With the pictures left out, reproduce exactly the lines from the one containing "Descremadora de Leche" through the final line of the entries.

[Listed records Boundary: Start]

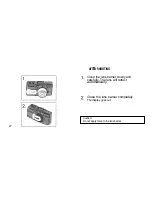 Предварительный просмотр 27 страницы Olympus Accura Zoom 105R Instructions Manual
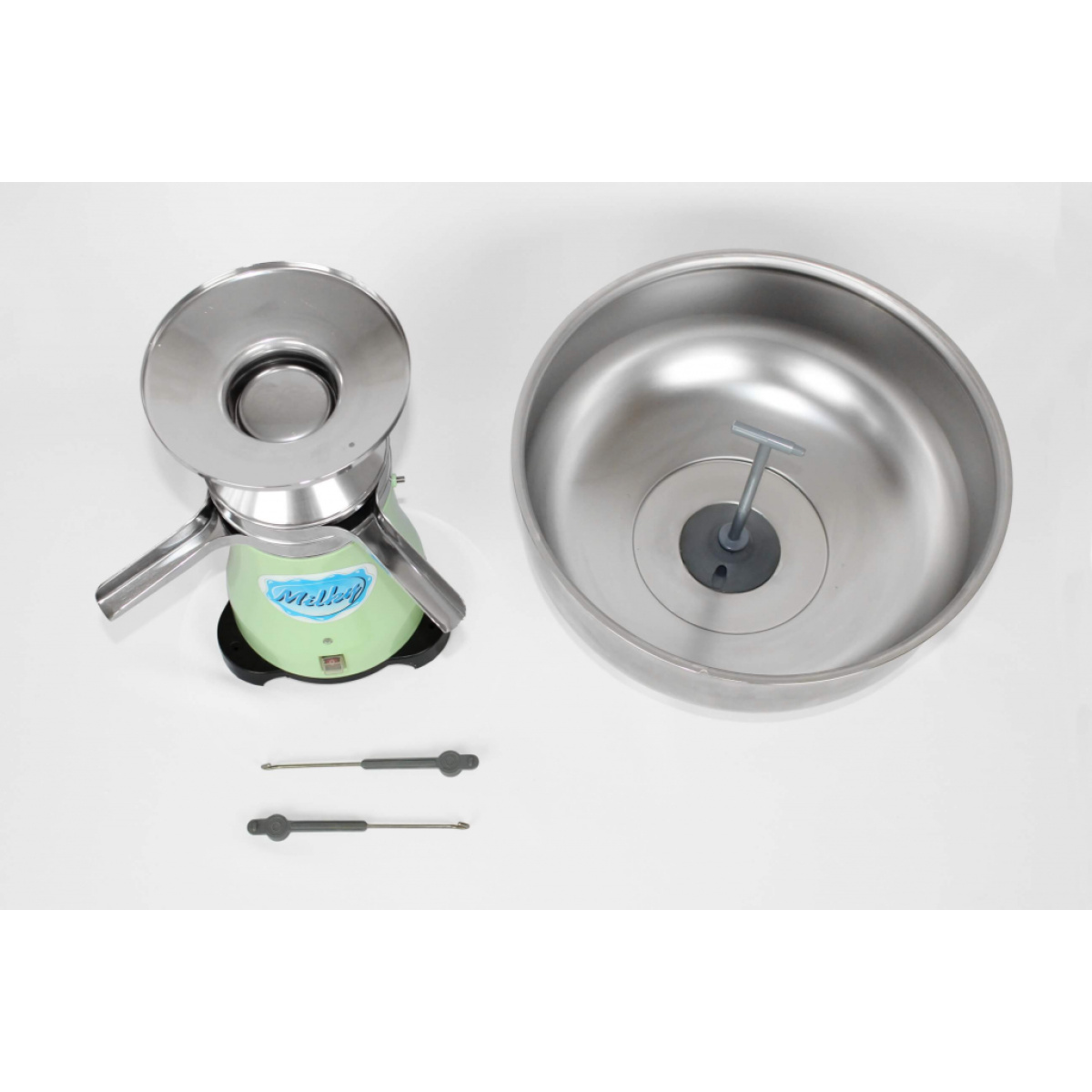 Descremadora de Leche Eléctrica Milky FJ 130 ERR (230V) - Imagen 6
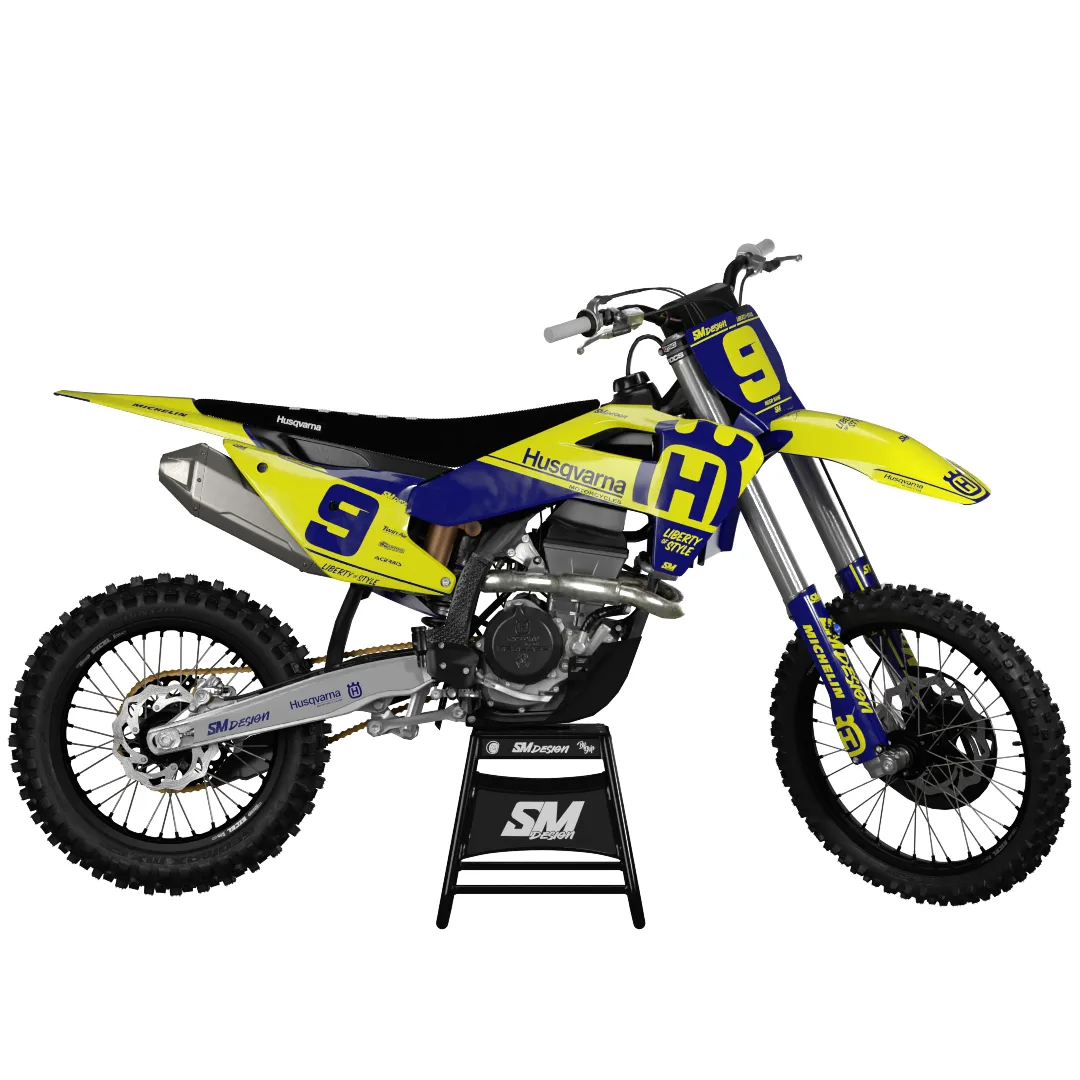 Kit Gráfico Husqvarna 2025 #6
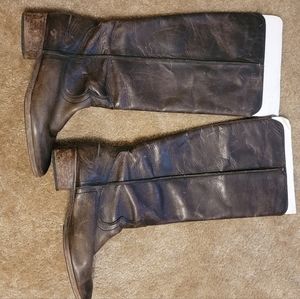 Women's Frye Ray Seam boots size 11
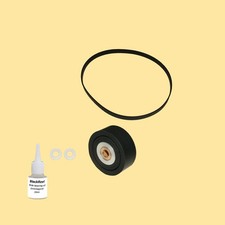 Capstan Riemen Andruckrolle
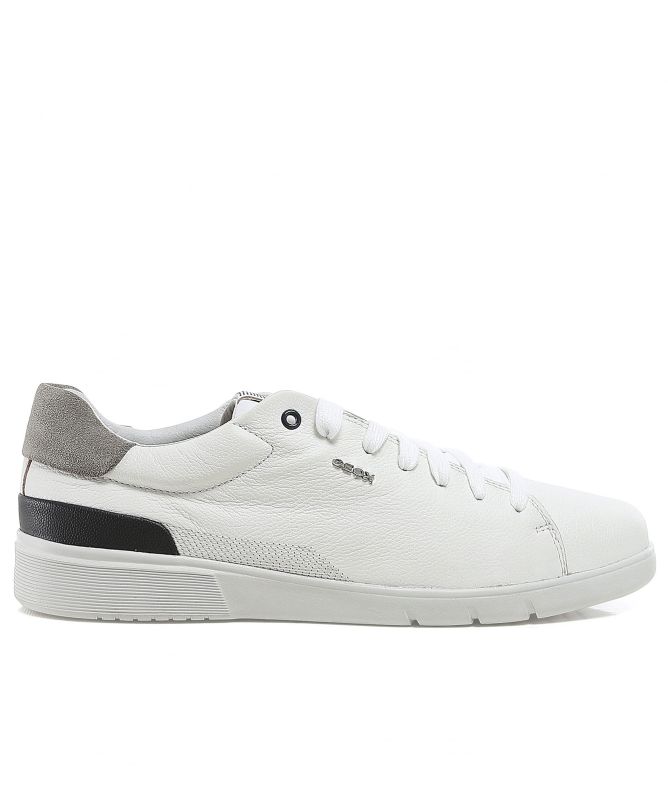 Geox Leather Low-Cut Jonas Sneakers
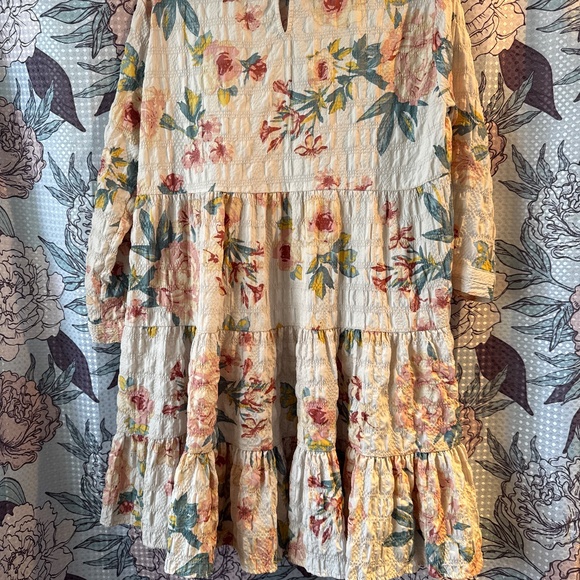 FLORAL DRESS - Picture 2 of 2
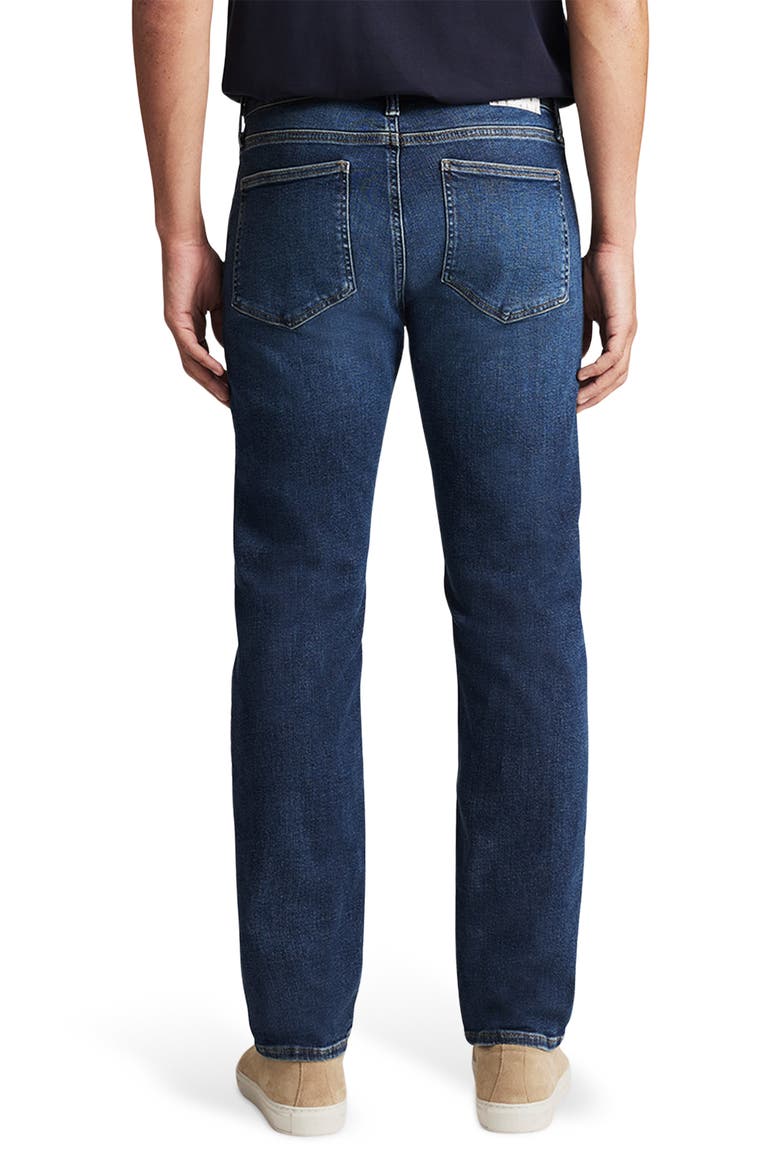 Zach Straight Leg Jeans, Alternate, color, DEEP BRUSHED CLASSIC VINTAGE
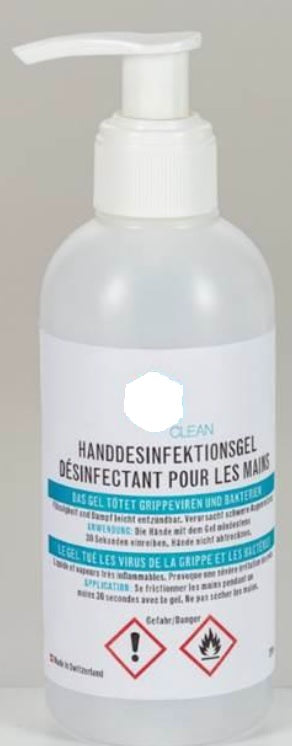 Handdesinfektionsgel | Mit Pumpe - Rohr AG Handdesinfektionsgel | Mit Pumpe - Rohr AG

[Listed records Boundary: End]

● **Solution**
 Descremadora de Leche Eléctrica Milky FJ 130 ERR (230V) - Imagen 6
 Kit Gráfico Husqvarna 2025 #6
 Women's Frye Ray Seam boots size 11
 Capstan Riemen Andruckrolle
 Geox Leather Low-Cut Jonas Sneakers
 FLORAL DRESS - Picture 2 of 2
 Zach Straight Leg Jeans, Alternate, color, DEEP BRUSHED CLASSIC VINTAGE
 Handdesinfektionsgel | Mit Pumpe - Rohr AG Handdesinfektionsgel | Mit Pumpe - Rohr AG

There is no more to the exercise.